TASK GOAL | The listing that follows is to be output in full and without change.

SUPPLIED MATERIAL |
┏━━

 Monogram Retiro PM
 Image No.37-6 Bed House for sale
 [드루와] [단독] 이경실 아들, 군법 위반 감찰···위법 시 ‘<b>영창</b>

┗━━

ANSWER TO THE EXERCISE |
 Monogram Retiro PM
 Image No.37-6 Bed House for sale
 [드루와] [단독] 이경실 아들, 군법 위반 감찰···위법 시 ‘<b>영창</b>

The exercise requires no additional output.